Endurance, which went public in 2013, is financing the $32-a-share acquisition with debt. Shares of Constant Contact (Nasdaq: CTCT) traded for the last time on Feb. 9, the day of the closing.
The $1.1 billion sale price included about $200 million of cash on the Constant Contact balance sheet. According to a statement from Endurance, it “funded the transaction with the proceeds of $735 million in aggregate principal amount of incremental senior secured term loans under its existing credit agreement and $350 million in aggregate principal amount of senior unsecured notes. … It also obtained a new senior secured $165 million revolving credit facility under its existing credit agreement.

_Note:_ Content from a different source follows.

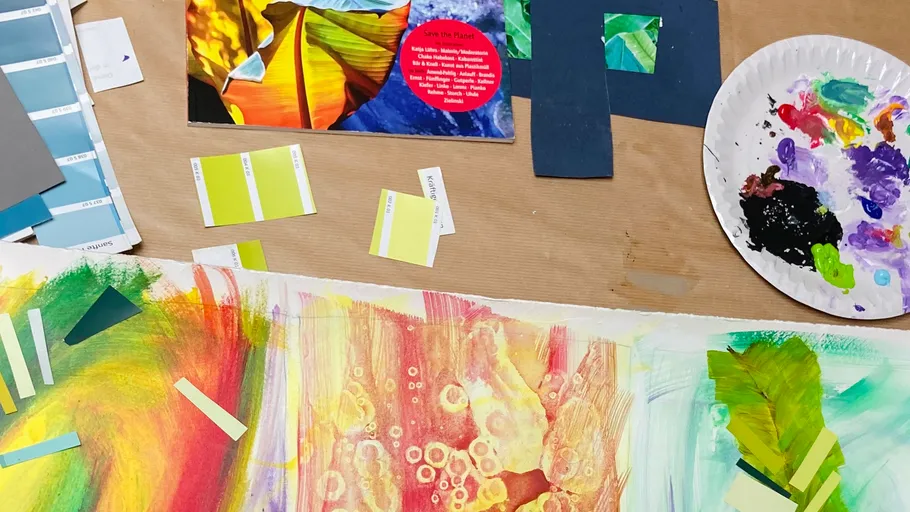 Art supplies and paintings on a table.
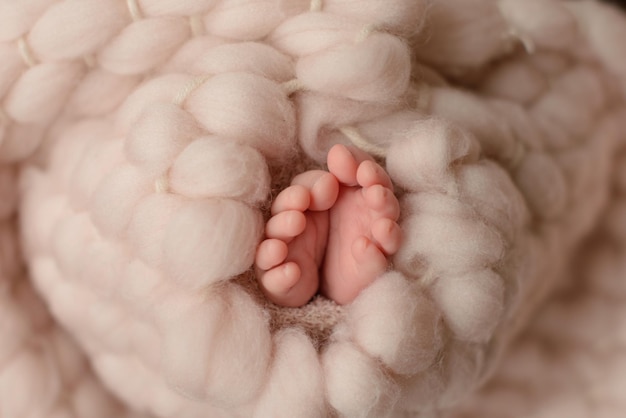 Pequeñas piernas hermosas de un bebé recién nacido en los primeros días de vida Pies de bebé de un recién nacido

On the day in November when the acquisition was announced, Constant Contact shares had risen more than 22 percent to $31.83, still well below their record high of $43.18 in August, while shares of Endurance fell to $10.80. At the end of trading on its final day, Constant Contact shares closed at $32.01. Shares of Endurance were trading at $8.34 at midafternoon Tuesday.
Endurance said in November that talks with Constant Contact about the acquisition had started in late 2014. In February 2015, the companies announced a partnership that provides Constant Contact’s email marketing tools to Endurance subscribers.
Founded as “Roving Software” in 1995 in an attic in Brookline, Mass., Constant Contact targets small businesses and nonprofits, offering them colorful templates to advertise their products, services and events through emails, as well as social-media integration. It went public in 2007 and opened the Loveland support center, its first outside Waltham, in 2009.
Endurance, which originally was called BizLand, owns brands including BigRock, HostGator, FatCow.com, Bluehost, iPage, Domain.com, A Small Orange, MOJO Marketplace and ResellerClub. The company expects the Constant Contact deal will raise its paid-subscriber base from 3 million to more than 5 million.
Raymond James was financial adviser to Constant Contact in the transaction, while Goldman Sachs, Credit Suisse and Allen & Co advised Endurance. Latham & Watkins LLP acted as legal adviser for Constant Contact, with Cleary Gottlieb Steen & Hamilton LLP fulfilling that role for Endurance.